## What is needed
Output only the line that contains "foto: wnieznane.pl Wyspa" and the lines after it, all verbatim, through the last one below.

## Provided data
○ ○ ○ ○ ○
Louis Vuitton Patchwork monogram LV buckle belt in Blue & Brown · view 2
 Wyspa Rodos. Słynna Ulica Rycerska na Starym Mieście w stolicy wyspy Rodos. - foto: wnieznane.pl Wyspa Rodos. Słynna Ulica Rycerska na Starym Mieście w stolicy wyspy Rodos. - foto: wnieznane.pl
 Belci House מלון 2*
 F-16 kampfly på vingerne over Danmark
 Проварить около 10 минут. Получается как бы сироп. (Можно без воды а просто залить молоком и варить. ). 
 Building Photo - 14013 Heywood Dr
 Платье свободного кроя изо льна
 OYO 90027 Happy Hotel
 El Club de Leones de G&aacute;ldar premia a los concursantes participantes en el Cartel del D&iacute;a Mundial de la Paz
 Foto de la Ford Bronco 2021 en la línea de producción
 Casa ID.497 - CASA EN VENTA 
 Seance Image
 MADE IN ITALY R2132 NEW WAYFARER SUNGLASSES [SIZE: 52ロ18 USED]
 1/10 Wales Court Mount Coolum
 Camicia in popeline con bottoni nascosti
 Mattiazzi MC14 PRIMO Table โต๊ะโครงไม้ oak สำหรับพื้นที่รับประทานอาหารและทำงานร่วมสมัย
○ ○ ○ ○ ○
## Task output
 Wyspa Rodos. Słynna Ulica Rycerska na Starym Mieście w stolicy wyspy Rodos. - foto: wnieznane.pl Wyspa Rodos. Słynna Ulica Rycerska na Starym Mieście w stolicy wyspy Rodos. - foto: wnieznane.pl
 Belci House מלון 2*
 F-16 kampfly på vingerne over Danmark
 Проварить около 10 минут. Получается как бы сироп. (Можно без воды а просто залить молоком и варить. ). 
 Building Photo - 14013 Heywood Dr
 Платье свободного кроя изо льна
 OYO 90027 Happy Hotel
 El Club de Leones de G&aacute;ldar premia a los concursantes participantes en el Cartel del D&iacute;a Mundial de la Paz
 Foto de la Ford Bronco 2021 en la línea de producción
 Casa ID.497 - CASA EN VENTA 
 Seance Image
 MADE IN ITALY R2132 NEW WAYFARER SUNGLASSES [SIZE: 52ロ18 USED]
 1/10 Wales Court Mount Coolum
 Camicia in popeline con bottoni nascosti
 Mattiazzi MC14 PRIMO Table โต๊ะโครงไม้ oak สำหรับพื้นที่รับประทานอาหารและทำงานร่วมสมัย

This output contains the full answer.